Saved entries
Content starts
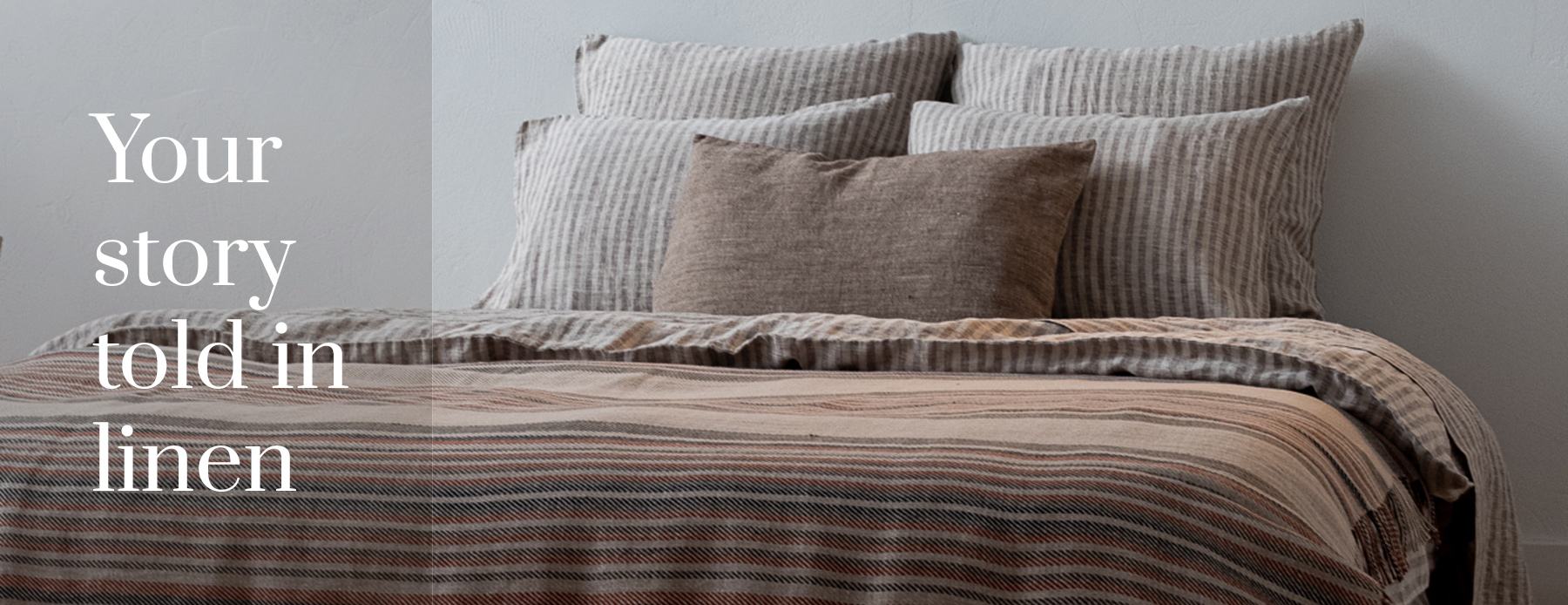 Your story told in linen — natural striped linen bedding and layered pillows.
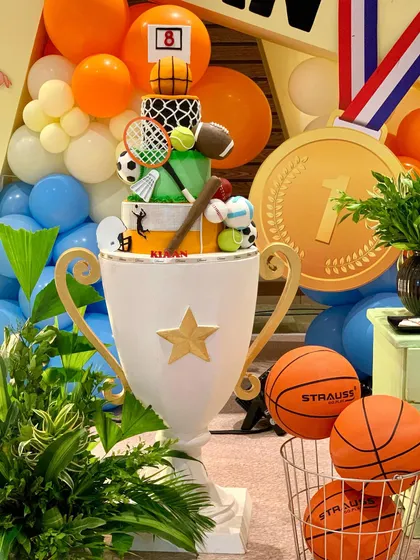 For the little champion, our trophy-shaped cake table is a winner. It's the perfect centerpiece for a sports-themed party, surrounded by basketballs and medals.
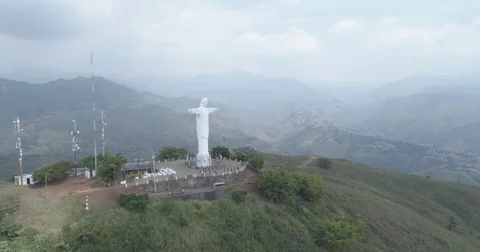 Aerial blowing past the front face of Cristo Rey statue to the mountains Stock-Footage 78680342
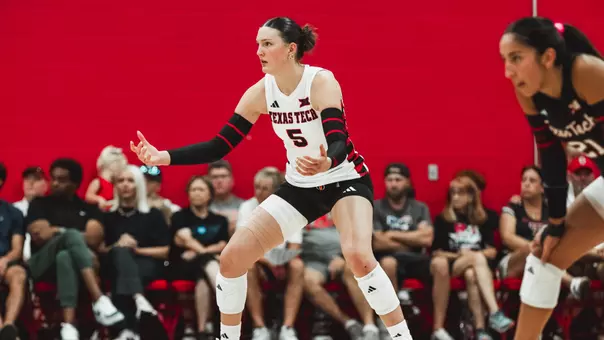 Elia Dinsmore preparing for for a serve during a Texas Tech volleyball match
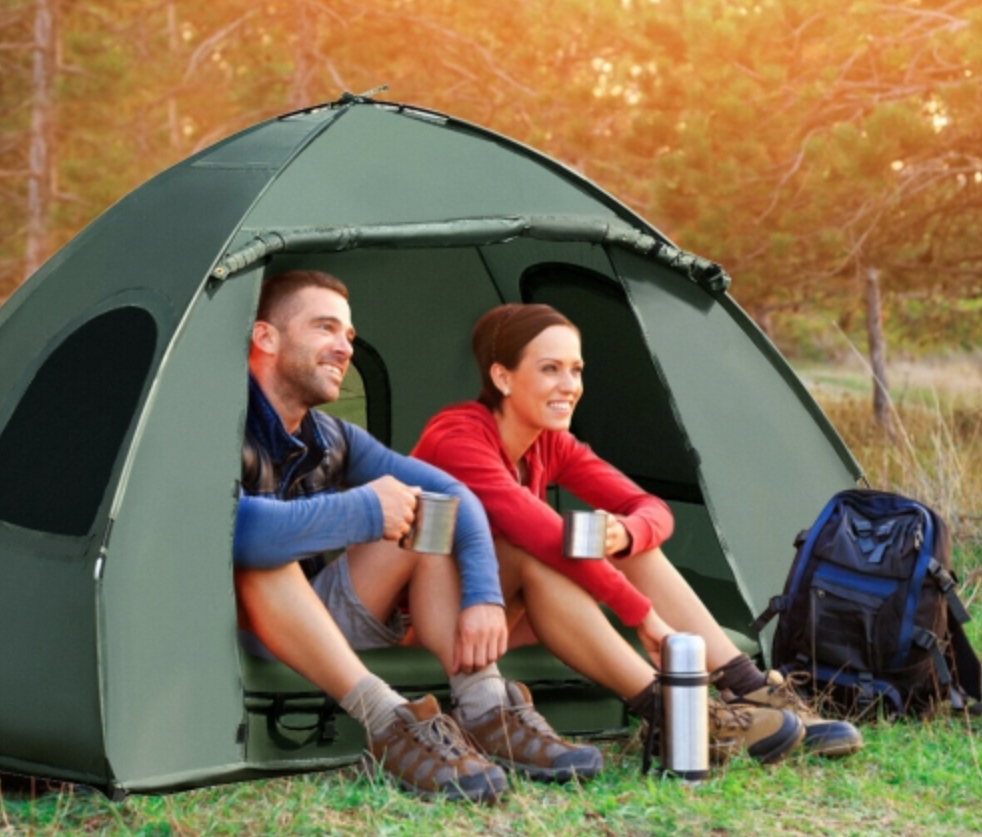 A man and a woman sitting outside of a two-person tent.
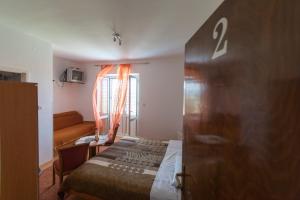 Postel nebo postele na pokoji v ubytování Guesthouse Storelli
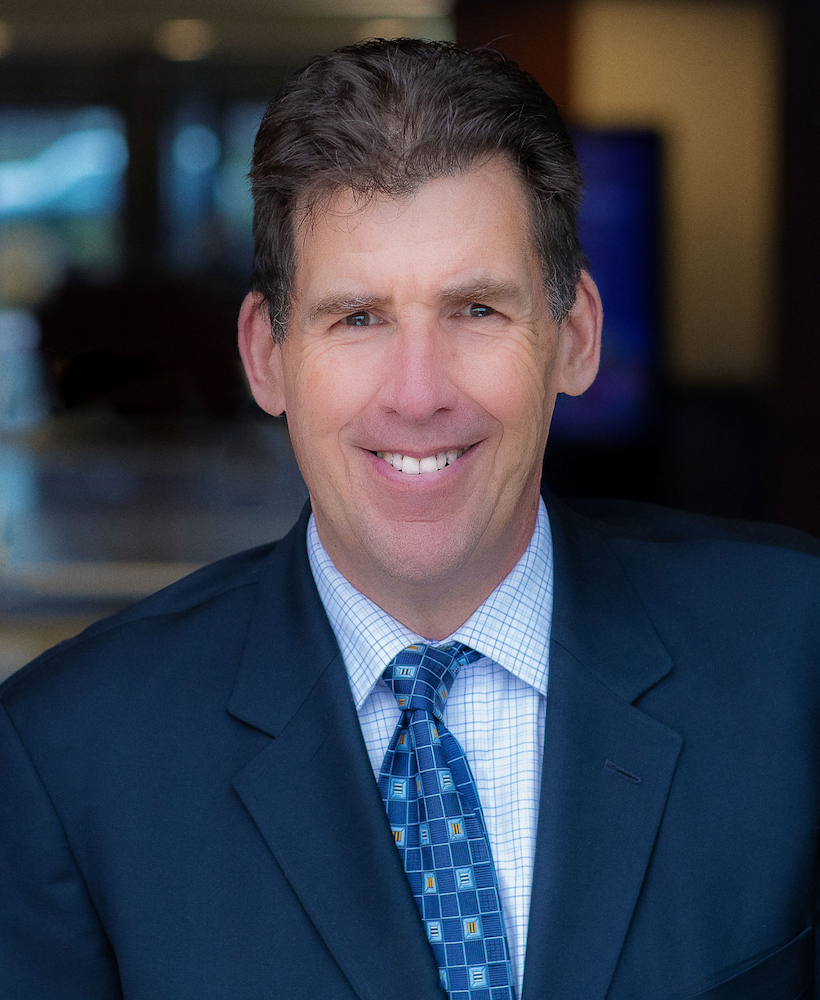 A man in a dark suit and patterned tie smiles at the camera with a blurred office background.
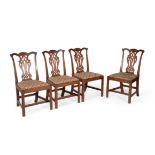 A set of four George III mahogany side chairs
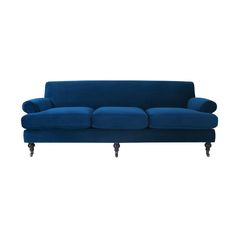 a blue couch sitting on top of a white floor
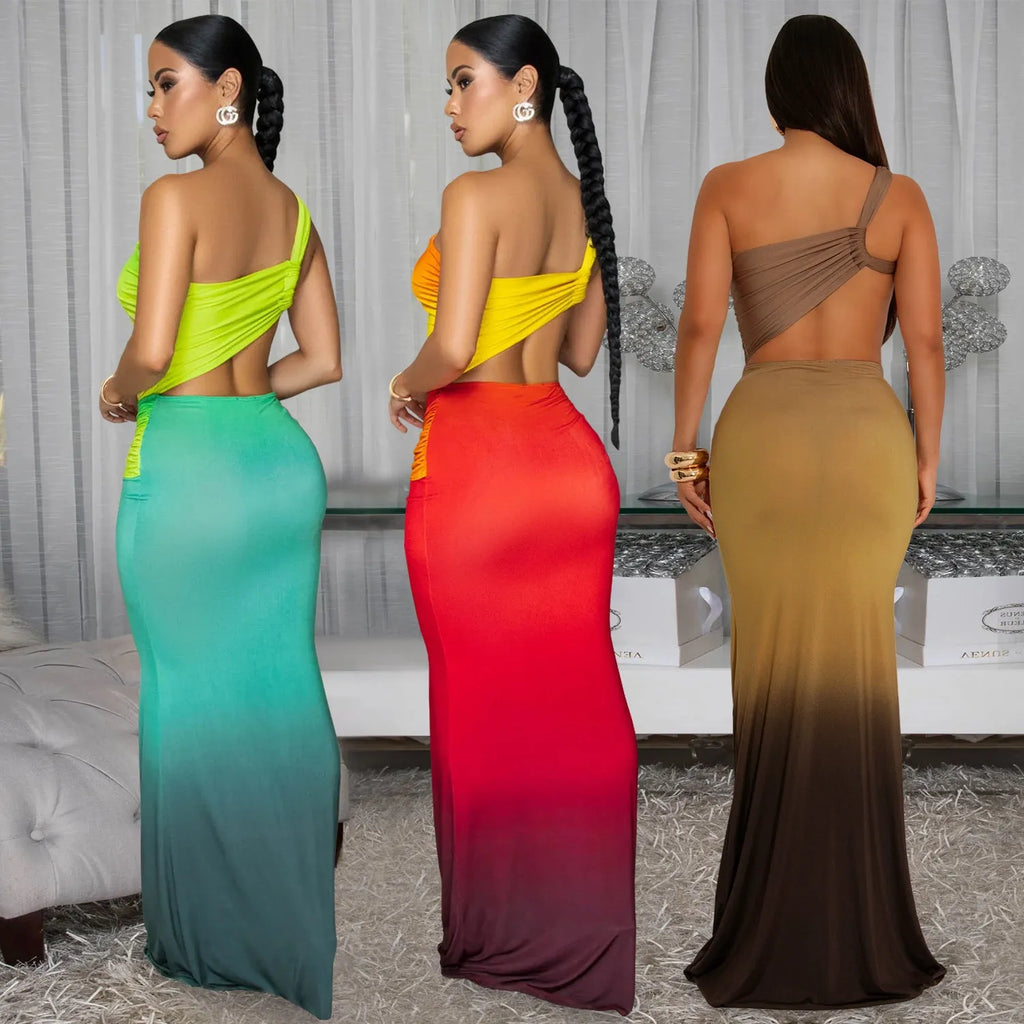 Women's sleeveless cross-shoulder dress in a gradient colour with a high waist and long skirt.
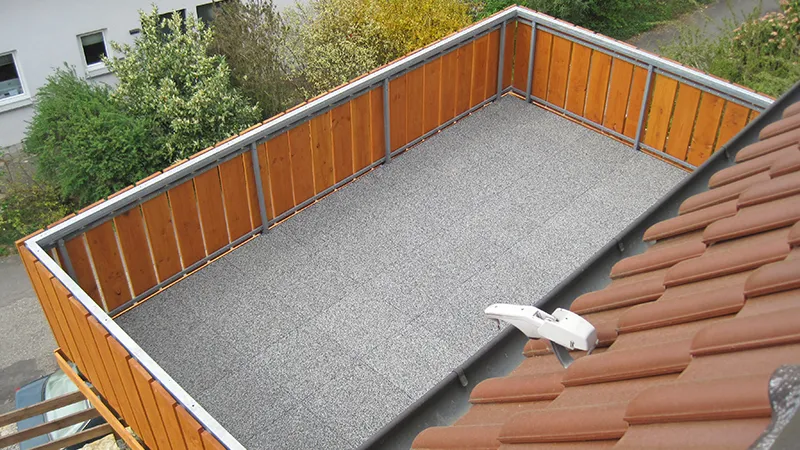 Graue Balkonplatten liegen auf mit Hozlgeländer gesichertem Balkon.  Der Blick fällt vom Dach in den Hof, in dem Büsche und Bäume wachsen.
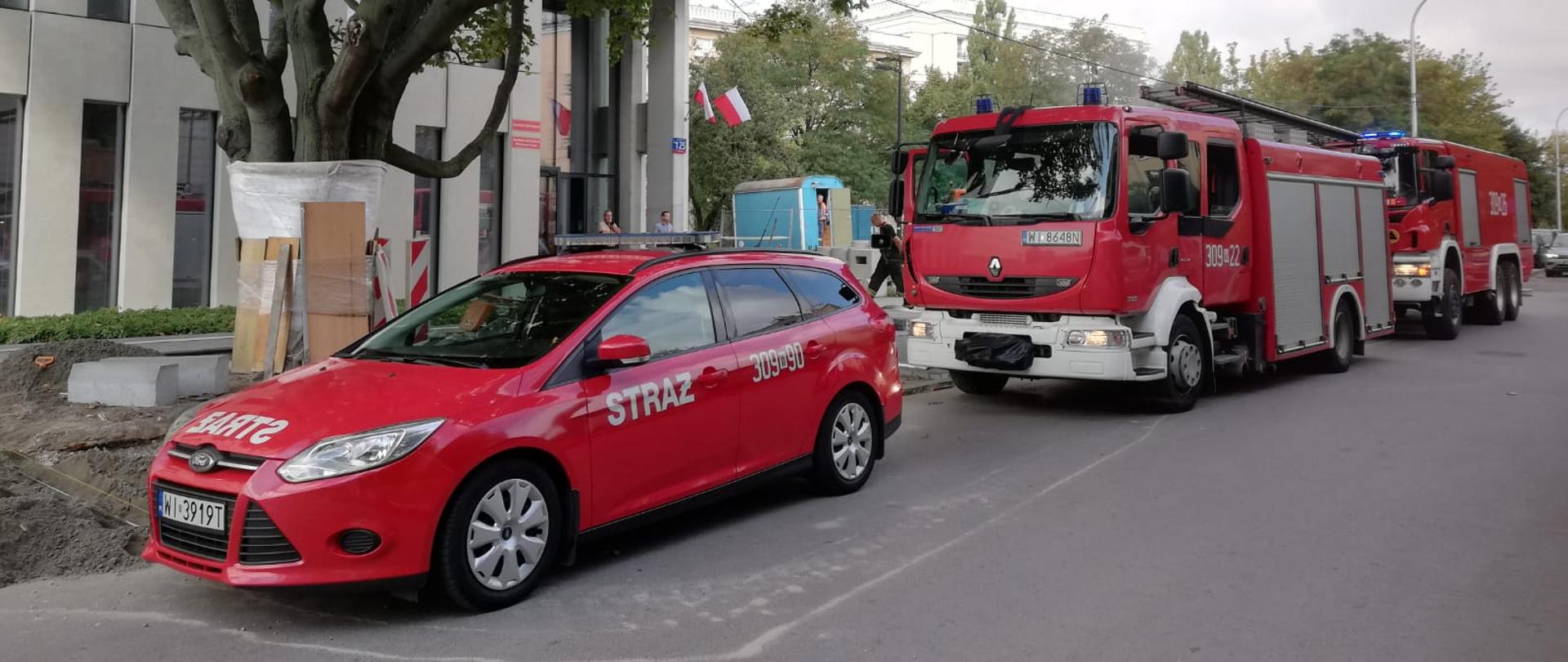 Na zdjęciu widoczne są pojazdy straży pożarnej w tle drzewo oraz budynek biurowy.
Content ends
## Required action
The output must match the records word for word, except that no pictures appear.

## Response below
 Your story told in linen — natural striped linen bedding and layered pillows.
 For the little champion, our trophy-shaped cake table is a winner. It's the perfect centerpiece for a sports-themed party, surrounded by basketballs and medals.
 Aerial blowing past the front face of Cristo Rey statue to the mountains Stock-Footage 78680342
 Elia Dinsmore preparing for for a serve during a Texas Tech volleyball match
 A man and a woman sitting outside of a two-person tent.
 Postel nebo postele na pokoji v ubytování Guesthouse Storelli
 A man in a dark suit and patterned tie smiles at the camera with a blurred office background.
 A set of four George III mahogany side chairs
 a blue couch sitting on top of a white floor
 Women's sleeveless cross-shoulder dress in a gradient colour with a high waist and long skirt.
 Graue Balkonplatten liegen auf mit Hozlgeländer gesichertem Balkon.  Der Blick fällt vom Dach in den Hof, in dem Büsche und Bäume wachsen.
 Na zdjęciu widoczne są pojazdy straży pożarnej w tle drzewo oraz budynek biurowy.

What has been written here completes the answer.